By Mass Communication Specialist 2nd Class T. N. Fulgham, USS Harry S. Truman (CVN 75) Public Affairs
NORFOLK (NNS) -- Sailors assigned to the aircraft carrier USS Harry S. Truman (CVN 75) returned to Norfolk Naval Station after completing five days of sea trials, making the final milestone after a six-month condensed incremental availability (CIA) period, May 27.
Sea trials, which take place following a maintenance availability period, allow Truman and representatives from Norfolk Naval Shipyard to assess the ship's state of readiness and ensure maintenance was properly completed.
Truman and its crew, at sea for the first time since November 2014, tested equipment which supports surface operations, flight deck evolutions, deck seamanship and damage control readiness through various drills and system checks - ensuring both ship and Sailors are ready for future at-sea operations.
"During this underway, the crew completed in-depth general quarters training that was about as close to real-life scenarios as we can simulate," said Chief Mass Communication Specialist D. B. Withrow, chief of Truman's repair locker 1-Bravo. "Completing our training evolutions in an actual at-sea environment allowed us to identify and address areas we may have missed back in the yards."
Truman also used this critical juncture at sea to test newly implemented systems and complete qualifications.
"Training for me is better out at sea," said Airman M. J. Gotoy. "I work with [aviation boatswain's mates (fuel)] so whenever we are in port they explain the [systems] to you but you really don't understand it until you see it operating."
Command Master Chief Antonio D. Perryman said the crew trains to win and he believes, based off the crew's previous successes, they will come through when it matters.
"I think we have the best of the best; the finest crew that's out there," said Perryman. "I say that because our Sailors are very resilient, they are happy and they are hard workers. They are dedicated to the training. 'The buck stops with me' mentality is something that lies in the heart of every Truman Sailor. They've fought every day to make sure we are getting all we need. Everything we ask this crew to do, they've done and they've been flexible. They love what they do and they give their all, 100 percent of the time."

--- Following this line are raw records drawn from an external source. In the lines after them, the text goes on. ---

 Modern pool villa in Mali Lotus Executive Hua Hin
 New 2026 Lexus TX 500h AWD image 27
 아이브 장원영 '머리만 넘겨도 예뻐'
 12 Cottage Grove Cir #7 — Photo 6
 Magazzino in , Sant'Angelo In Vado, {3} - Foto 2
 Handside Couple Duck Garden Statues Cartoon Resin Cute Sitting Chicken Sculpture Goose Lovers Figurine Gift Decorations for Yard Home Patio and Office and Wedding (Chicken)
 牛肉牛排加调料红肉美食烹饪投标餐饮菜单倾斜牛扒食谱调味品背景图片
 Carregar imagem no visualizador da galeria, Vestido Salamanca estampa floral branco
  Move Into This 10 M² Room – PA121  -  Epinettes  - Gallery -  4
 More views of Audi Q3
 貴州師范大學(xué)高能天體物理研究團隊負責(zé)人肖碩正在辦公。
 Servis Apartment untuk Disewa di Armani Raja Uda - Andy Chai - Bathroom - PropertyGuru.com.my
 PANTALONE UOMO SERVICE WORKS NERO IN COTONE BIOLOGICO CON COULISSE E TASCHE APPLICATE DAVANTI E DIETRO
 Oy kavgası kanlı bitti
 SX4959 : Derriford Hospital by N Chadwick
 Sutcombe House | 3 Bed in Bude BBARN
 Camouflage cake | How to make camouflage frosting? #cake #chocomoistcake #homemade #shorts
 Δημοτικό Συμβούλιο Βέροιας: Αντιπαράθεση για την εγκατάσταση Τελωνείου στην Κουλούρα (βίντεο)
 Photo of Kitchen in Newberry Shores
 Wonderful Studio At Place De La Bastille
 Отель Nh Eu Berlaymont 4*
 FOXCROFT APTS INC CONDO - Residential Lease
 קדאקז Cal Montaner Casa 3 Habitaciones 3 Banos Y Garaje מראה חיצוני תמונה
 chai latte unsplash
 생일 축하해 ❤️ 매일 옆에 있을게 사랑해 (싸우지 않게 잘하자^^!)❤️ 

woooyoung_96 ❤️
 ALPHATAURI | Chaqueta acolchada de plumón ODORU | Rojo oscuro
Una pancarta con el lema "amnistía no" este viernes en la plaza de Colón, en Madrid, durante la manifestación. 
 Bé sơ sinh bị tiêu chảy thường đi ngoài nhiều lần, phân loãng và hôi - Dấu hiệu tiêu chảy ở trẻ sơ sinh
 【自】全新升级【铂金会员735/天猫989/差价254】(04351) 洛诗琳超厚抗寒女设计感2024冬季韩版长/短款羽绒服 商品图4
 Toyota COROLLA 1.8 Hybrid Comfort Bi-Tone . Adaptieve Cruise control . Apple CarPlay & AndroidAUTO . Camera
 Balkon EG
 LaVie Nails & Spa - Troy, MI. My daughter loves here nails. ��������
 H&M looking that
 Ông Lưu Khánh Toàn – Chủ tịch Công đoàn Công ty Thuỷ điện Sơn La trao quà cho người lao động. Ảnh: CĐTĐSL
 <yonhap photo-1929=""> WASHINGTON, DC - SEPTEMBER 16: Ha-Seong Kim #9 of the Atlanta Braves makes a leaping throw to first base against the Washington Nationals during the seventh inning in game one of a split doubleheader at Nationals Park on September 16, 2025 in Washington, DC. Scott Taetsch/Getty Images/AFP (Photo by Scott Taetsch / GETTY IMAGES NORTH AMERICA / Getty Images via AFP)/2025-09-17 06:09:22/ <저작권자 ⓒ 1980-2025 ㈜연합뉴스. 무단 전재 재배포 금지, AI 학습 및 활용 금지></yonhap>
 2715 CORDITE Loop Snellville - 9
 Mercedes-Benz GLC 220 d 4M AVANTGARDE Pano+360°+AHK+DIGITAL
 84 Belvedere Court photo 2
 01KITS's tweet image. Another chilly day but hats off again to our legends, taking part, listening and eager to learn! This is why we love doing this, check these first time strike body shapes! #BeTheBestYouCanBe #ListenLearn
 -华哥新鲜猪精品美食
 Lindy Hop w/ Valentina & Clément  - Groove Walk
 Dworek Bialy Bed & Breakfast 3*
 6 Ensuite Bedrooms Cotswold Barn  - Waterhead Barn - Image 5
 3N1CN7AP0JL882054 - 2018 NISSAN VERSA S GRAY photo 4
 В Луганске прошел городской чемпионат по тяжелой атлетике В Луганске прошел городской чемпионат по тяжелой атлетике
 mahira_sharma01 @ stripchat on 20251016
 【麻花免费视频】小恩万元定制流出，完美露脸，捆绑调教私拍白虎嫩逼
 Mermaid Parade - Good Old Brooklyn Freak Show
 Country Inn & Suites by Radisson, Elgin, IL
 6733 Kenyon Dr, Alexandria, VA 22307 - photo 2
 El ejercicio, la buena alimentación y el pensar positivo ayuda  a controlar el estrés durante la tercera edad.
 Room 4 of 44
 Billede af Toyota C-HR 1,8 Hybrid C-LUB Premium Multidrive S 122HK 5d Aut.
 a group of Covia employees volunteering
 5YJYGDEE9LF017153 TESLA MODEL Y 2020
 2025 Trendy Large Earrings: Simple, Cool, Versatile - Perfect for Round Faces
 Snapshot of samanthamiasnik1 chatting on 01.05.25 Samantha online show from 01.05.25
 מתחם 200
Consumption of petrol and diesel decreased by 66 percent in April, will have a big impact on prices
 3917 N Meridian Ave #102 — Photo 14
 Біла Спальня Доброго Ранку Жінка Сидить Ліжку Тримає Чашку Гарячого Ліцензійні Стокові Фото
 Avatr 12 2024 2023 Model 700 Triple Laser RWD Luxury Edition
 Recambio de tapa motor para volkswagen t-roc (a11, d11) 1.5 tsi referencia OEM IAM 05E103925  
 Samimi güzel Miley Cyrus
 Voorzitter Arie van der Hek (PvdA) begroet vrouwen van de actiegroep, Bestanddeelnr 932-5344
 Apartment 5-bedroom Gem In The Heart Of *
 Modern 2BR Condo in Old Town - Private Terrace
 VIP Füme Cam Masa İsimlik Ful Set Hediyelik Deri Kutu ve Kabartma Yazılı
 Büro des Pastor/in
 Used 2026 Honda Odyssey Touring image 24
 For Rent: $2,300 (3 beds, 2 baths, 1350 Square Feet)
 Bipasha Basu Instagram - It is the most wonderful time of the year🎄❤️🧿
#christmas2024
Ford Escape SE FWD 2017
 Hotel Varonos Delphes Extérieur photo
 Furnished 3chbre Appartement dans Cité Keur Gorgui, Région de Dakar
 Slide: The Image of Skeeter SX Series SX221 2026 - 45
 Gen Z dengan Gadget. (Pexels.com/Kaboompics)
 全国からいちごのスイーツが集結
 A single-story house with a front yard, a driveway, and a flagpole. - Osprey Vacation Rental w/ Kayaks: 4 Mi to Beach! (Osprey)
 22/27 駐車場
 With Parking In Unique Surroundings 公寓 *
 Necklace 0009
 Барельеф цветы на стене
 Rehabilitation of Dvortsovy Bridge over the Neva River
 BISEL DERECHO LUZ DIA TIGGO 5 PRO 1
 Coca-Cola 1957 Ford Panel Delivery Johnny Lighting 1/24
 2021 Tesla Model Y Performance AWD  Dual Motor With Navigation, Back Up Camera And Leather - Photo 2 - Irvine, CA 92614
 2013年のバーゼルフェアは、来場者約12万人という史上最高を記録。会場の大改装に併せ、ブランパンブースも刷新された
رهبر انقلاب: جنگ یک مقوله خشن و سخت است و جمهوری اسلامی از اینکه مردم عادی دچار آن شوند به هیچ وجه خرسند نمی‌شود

Perryman explained a condensed incremental availabilty period is not an easy time, but a necessary one. He said the crew worked hard to get the ship to its current level of readiness, however there is still a lot of work ahead.
"We came out on sea trials, we were successful and now we get to go home, button up a few things and get back underway," said Perryman. "We will continue to train; we will strive to be better. We have an ammo on load coming, and flight deck certs. We have a lot of moving parts so we have to continue to practice safety. We have to keep our operational risk management up and always continue to put things in front of the Sailors to keep them happy and keep them successful."
Truman will have a short break in homeport before heading back to sea for flight deck certification and Tailored Ship's Training Availability, more milestones in preparation for an upcoming deployment scheduled for later this year.